Jornada a rememorar en el futuro, hoy Sitges vivió una experiencia en toda regla con la proyección de The Final Girls, una mezcla tronchante de El último gran héroe, Wet Hot American Summer y Viernes 13 (tal era la excitación a la salida que muchos corrían a comparar con La cabaña en el bosque, uno de los hits más remarcables del género en los últimos años). Así, mientras buena parte de la concurrencia se encontraba en el Auditori tragándose la abigarrada película X de Gaspar Noé, en la sala Tramuntana arrancaba The Final Girls del realizador norteamericano Todd Strauss-Schulson –que en su currículum aparece como firmante de Dos colgaos muy fumaos en Navidad-, un film que mezcla con tanta inteligencia como ironía el formato de obra metacinematográfica –los protagonistas de la película se ven lanzados al interior de una película de terror de los años 80- junto con la revisión paródica del slasher de toda la vida –el villano, machete en mano, es algo así como una versión en clave South Park de Jason o Michael Myers-.
Con un reparto que incluyen nombres de la talla de Malin Akerman, Taissa Farmiga, Nina Dobrev o Thomas Middelditch, Strauss-Schulson se acerca al metagénero al igual que lo hiciera John McTiernan en El último gran héroe: se sirve de los márgenes (fílmicos) y los códigos (lingüísticos) para crear un seguido de gags en cascada que sirve tanto para reírse de lo maniqueo del género como para homenajearlo –hay un momento en la cinta que una chica dice: “¿Qué puede haber más desagradable que ver una película de terror rodeada de nerds?” Y el público de Sitges, claro, aplaudió a rabiar-. Así los protagonistas de la película-dentro-de-la-película siguen los estereotipos del cine de terror de los 80 –la guapa, la tonta, la dura, el chulo, el kumbaya- mientras que los que viajan al interior del film tienen los estereotipos del cine de terror contemporáneo: la traumatizada, la chica mala, la amiga cachonda, el nerd y el cachas sensible. Una bomba de relojería que se maneja a la perfección a través de flash-backs, ralentís y movimientos encadenados. No descubre nada que no sepamos, pero qué bien nos lo pasamos viéndola. Un hartón de reír.

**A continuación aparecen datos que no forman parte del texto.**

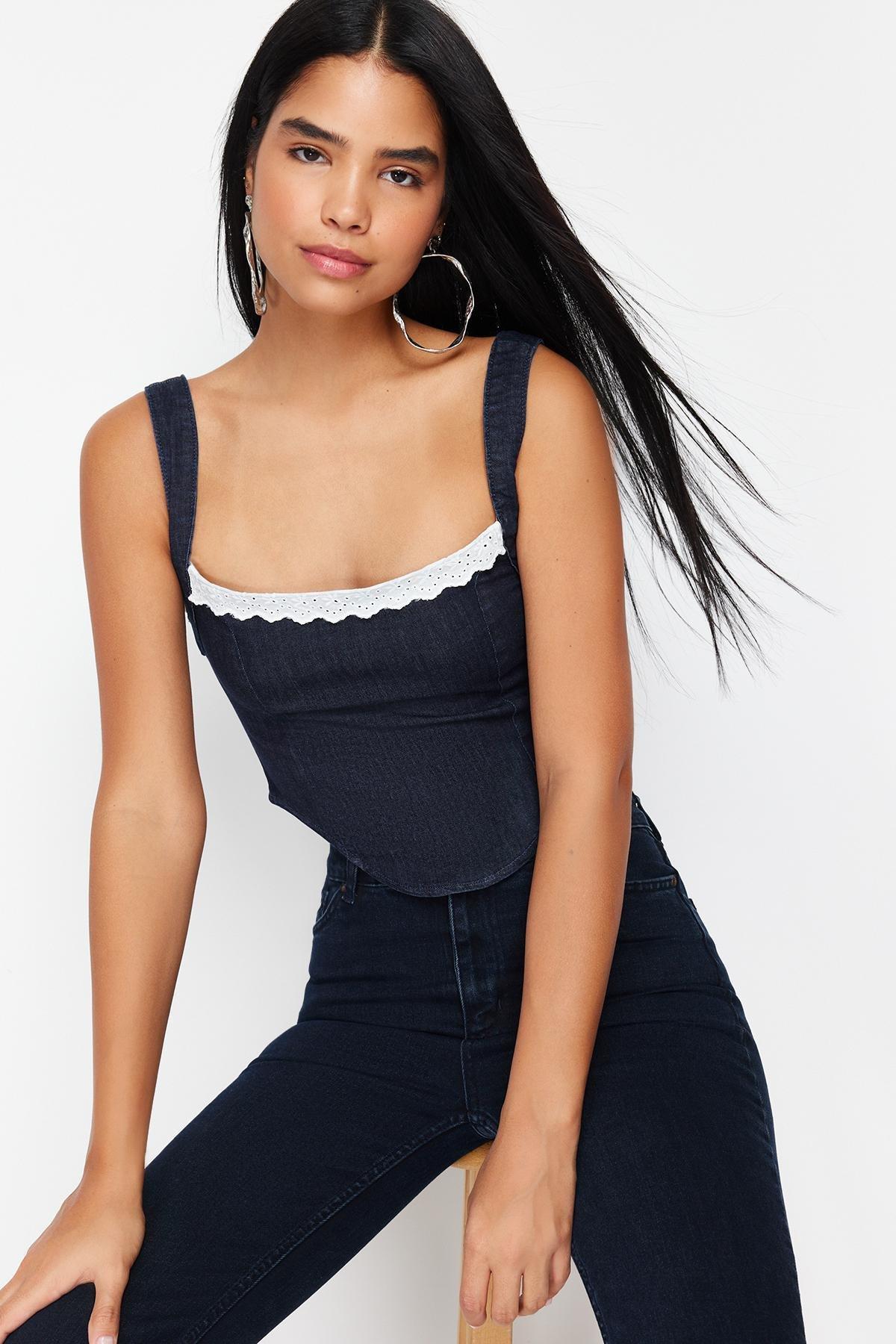 Navy Collar Detailed Strap Denim Bustier, , large image number 0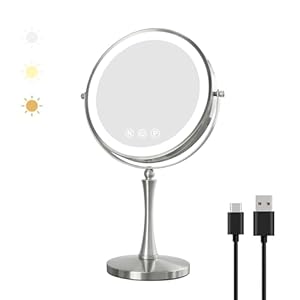 Nicesail 9″ Large Lighted Makeup Mirror, 1X/10X Magnifying Vanity Mirror with 3 Colors Dimmable LED Lighting, 360°Rotation Double Sided Tabletop Mirror for Desk Cosmetic Mirror, Polished Nickel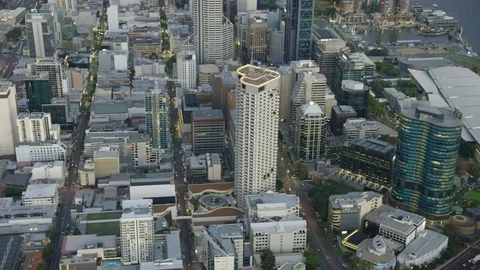 Aerial view Perth city lights at sunset WA Stock Footage 113100949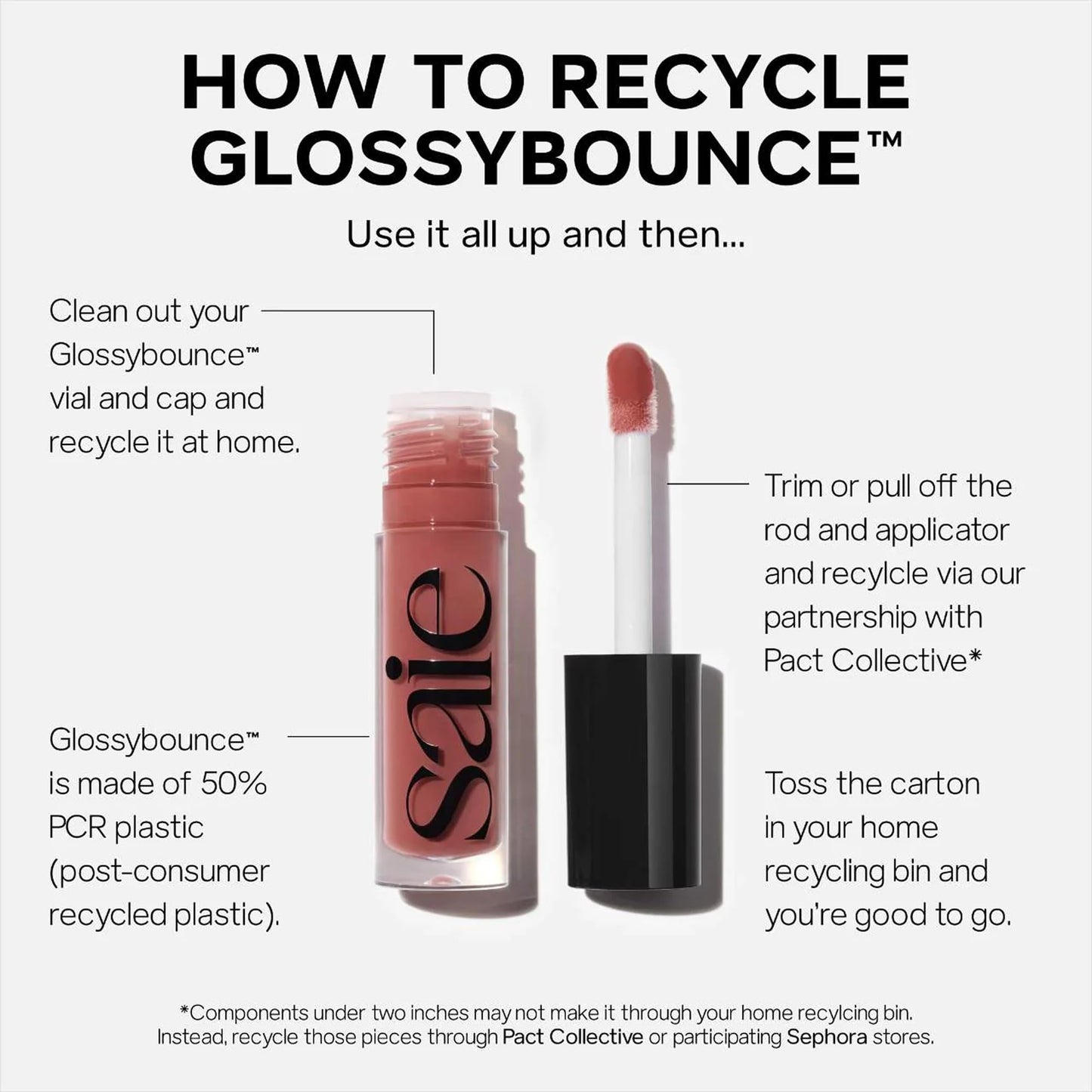 Saie Glossybounce High-Shine Hydrating Lip Gloss Oil - Sheer Tinted Lip Oil with Hyaluronic Acid + Jojoba Oil for Long-Lasting Moisture (.17 oz)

Cambiamos de país y nos vamos a Turquía. Hablemos de Baskin de Can Evrenol. Otro de los platos, aparentemente, fuertes de la Sección Oficial. Con un arranque glorioso donde vemos a un bunch policial altamente macarra en un bar de mala muerte mientras rellenan una quiniela de la Liga Española –“¡Con el Albacete ni loco!”-, la película de Evrenol parece que puede ser capaz de llegar a desgañitarnos, en su mezcla de horror movie satánica con polis garrulos como víctimas. Sin embargo lo bueno de la cinta acaba en ese bar. Tras un diálogo divertidísimo que parece parodiar las partidas de póquer de Uno de los nuestros, los policías acaban subiéndose a la furgoneta –cantando una canción de la radio en una pieza que parece de Kikol Grau- en dirección a una casa donde la misa negra se entiende como un pandemónium de necrofilia, canibalismo y tortura extrema, no apta para todos los estómagos. Una pena que toda esta segunda mitad de la cinta busque más epatar con lo bizarro de sus imágenes que por lo que realmente cuenta (suena mejor escrito que visto). Y es que si el espectador se aburre mientras a un policía le obligan a fornicar con una mujer con cabeza de cabra, es que algo no acaba de funcionar.
Alejandro G. Calvo
Hará 25 años, cuando se pusieron de moda en el género las historias sobre extraños aparentemente amables que irrumpían en un núcleo personal, familiar o vecinal, Antonio Trashorras ya se dejaba ver por Sitges. Fuera como periodista, cortometrajista o ya debutante en el largo (ese reivindicable giallo que es El callejón), el madrileño se introdujo en el festival al cual regresa hoy con uno de esos relatos de tipos agradables que entran en las vidas de otros para vampirizarlas y destruirlas. Anabel (título que remite a Poe, y algo hay de él en el film) es un ejercicio de suspense claustrofóbico donde un elemento perturbador (el personaje de Enrique Villén, seguramente en su mejor rol para cine) se convierte en ubicuo e imprescindible para dos jovencitas sobre las cuales pesa la sombra de la desaparición de una tercera compañera de piso. Rodada en el propio domicilio del director y durante muchos fines de semana, Anabel hace de sus carencias presupuestarias una virtud logrando una asfixiante atmósfera aparentemente calma que va alcanzando un crescendo de mal rollo considerable. Low cost, sí, pero no en sus resultados de sentido homenaje al thriller psicológico setentero.